We found this hike a lot more challenging than expected due to the rocky terrain and loose footing with debris and leaves littering the trail for 50% of the hike - hence "hard" difficulty. The terrain wears you down faster than you anticipate as you have to constantly check your footing on each step. On top of that, the entire climb back up the hollow - passing the waterfalls - is just as annoying terrain-wise, but includes the elevation gain. Also note that there are several sections of trail along Stony Fork where the hillside becomes extremely steep and the trail becomes extremely narrow.
Hikers will find a small parking lot near the coordinates provided. It's located about 100-feet west of the trailhead for the Mid State Trail (MST) and can hold about 5 vehicles.

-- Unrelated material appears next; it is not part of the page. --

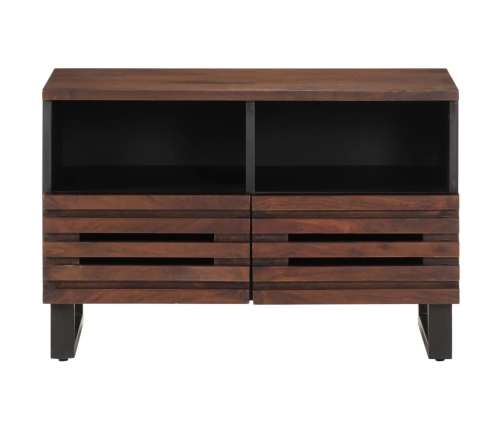 Mueble de TV madera maciza mango marrón 70x34x46 cm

Dogs are allowed and should be leashed.
This trail follows the orange blazes of the Mid State Trail (MST).
Camping and Backpacking
Backpackers are welcomed along the Mid State Trail; however, this section did not pass any predefined campsites. The state forest, game lands, and the Mid State Trail guide both ask backpackers to refrain from camping near or along Stony Fork to keep this area of the woods pristine. Please follow all state forest rules and regulations for primitive / dispersed / backcountry camping.